Huffman Coding
Huffman Coding is a method of compressing data regardless of its type. We can use Huffman Coding to assign a sequence of bits called codewords to each symbol in a given text. For instance, one method uses a fixed-length encoding where each symbol is assigned a bit string of the same length, denoted by m.(m ≥ log2n).
It's also called variable-length encoding, when we encode different symbols with different codewords of varying lengths. However, this introduces a problem that fixed-length encoding needs to have. How can we tell how many bits of an encoded text represent the first symbol? To simplify things, we can use prefix-free codes, which are like a decision tree. This helps us avoid any complications that might come up.
When we want to arrange a set of symbols, it makes sense to use a tree structure, with each symbol placed at the end of a branch. We can label the left branch with a 0 and the right branch with a 1. This way, we can quickly locate any symbol in the set.
- To encode a symbol, you can follow a simple path from the top of a tree to the symbol's label at the bottom of the tree.
- This creates a unique code for each symbol. Since each path ends only at a leaf and doesn't connect to any other leaf, no code can be a part of another code.

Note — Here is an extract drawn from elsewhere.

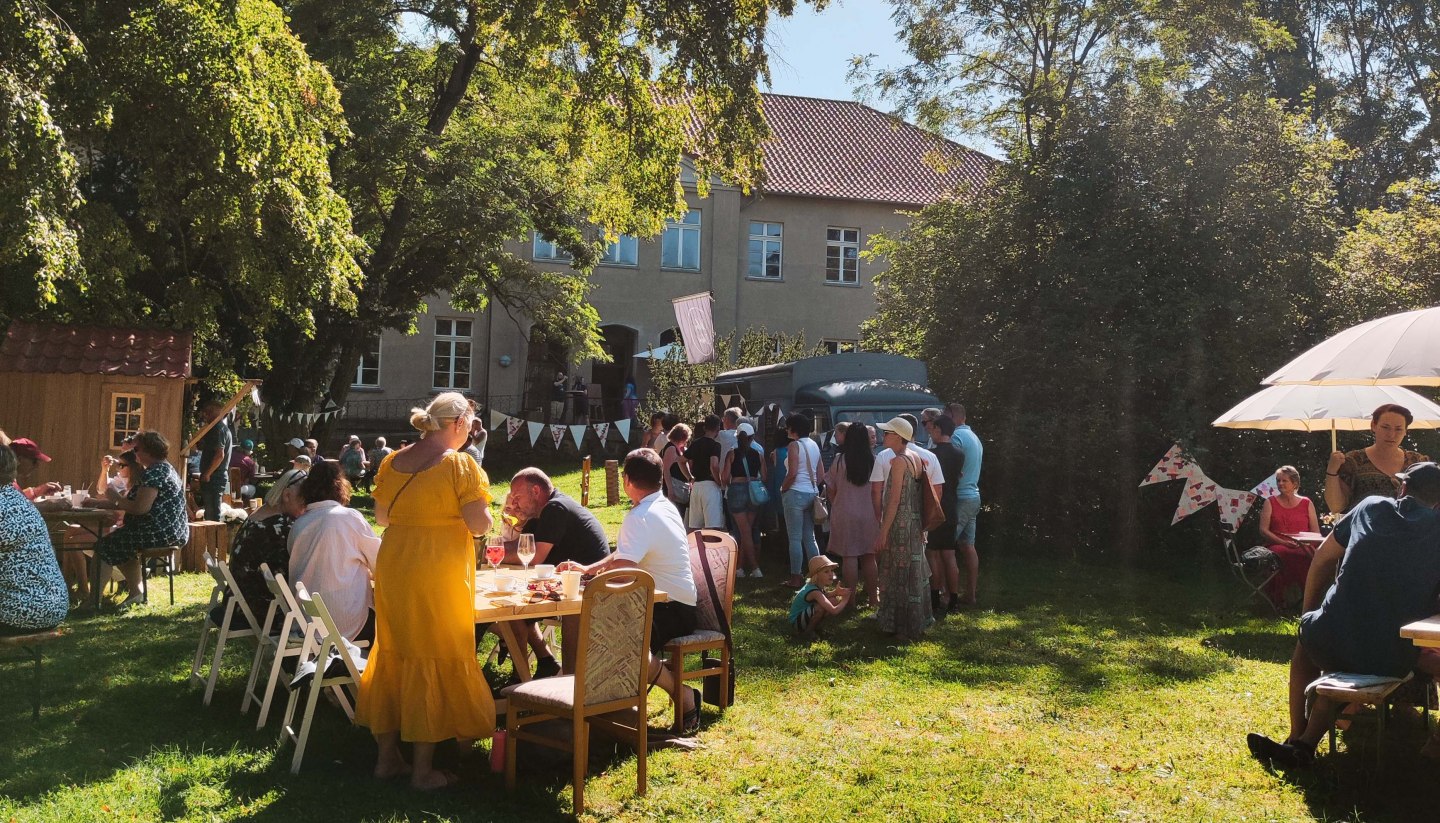 Die MitsommerRemise im Gutspark Klocksin mit Speisen und Getränken. Menschen sitzen an Tischen im Park hinter dem Gutshaus.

- This makes this coding method very efficient, as it saves space by assigning shorter codes to symbols that appear more often and more extended codes to those that appear less often.
- This can be done by using the greedy algorithm invented by David Huffman.
Below is an Example that you can understand better.
Huffman’s Algorithm:
Step 1: To create a system that can understand and process information, we must start by organizing the symbols we'll work with. We do this by creating "node trees" and assigning each tree a symbol from the alphabet. We also track how often each symbol appears so we can give it a weight or level of importance.Step 2: Continue the process until only one tree remains. Locate two trees with the lowest weight and designate them as the left and right subtrees of a fresh tree. The sum of their weights should be recorded in the new tree's root as its weight.
The constructed tree above in the figure is called the Huffman tree. It defines a Huffman code in the manner described above.
Example: Consider an example of a five-symbol alphabet {A, B, C, D, _} with the frequency occurrence in a text made up of these symbols:
Huffman Code tree Construction |
Figure: Example of constructing a Huffman coding tree |
👉 The results code words are as follows;
Figure: Huffman code word results |
Hence, we encode DAD as 011101, and 10011011011101 can be decoded as BAD_AD. With the frequency occurrence given and the codeword lengths obtained, the average bits per symbol in the code will be:
2 * 0.35 + 3 * 0.1 + 2 * 0.2 + 2 * 0.2 + 3 * 0.15 = 2.25
FAQ's:
1. What is simple Huffman coding?- Huffman Coding is a method of compressing data independent of data type.
- Calculate the frequency of each string.
- Sort the characters based on their frequencies in ascending order.
- Make a unique character like the leaf code.
- Create an internal node.
- You can refer to the above Example 👆
- Huffman coding is a greedy approach; the above Example is explained similarly.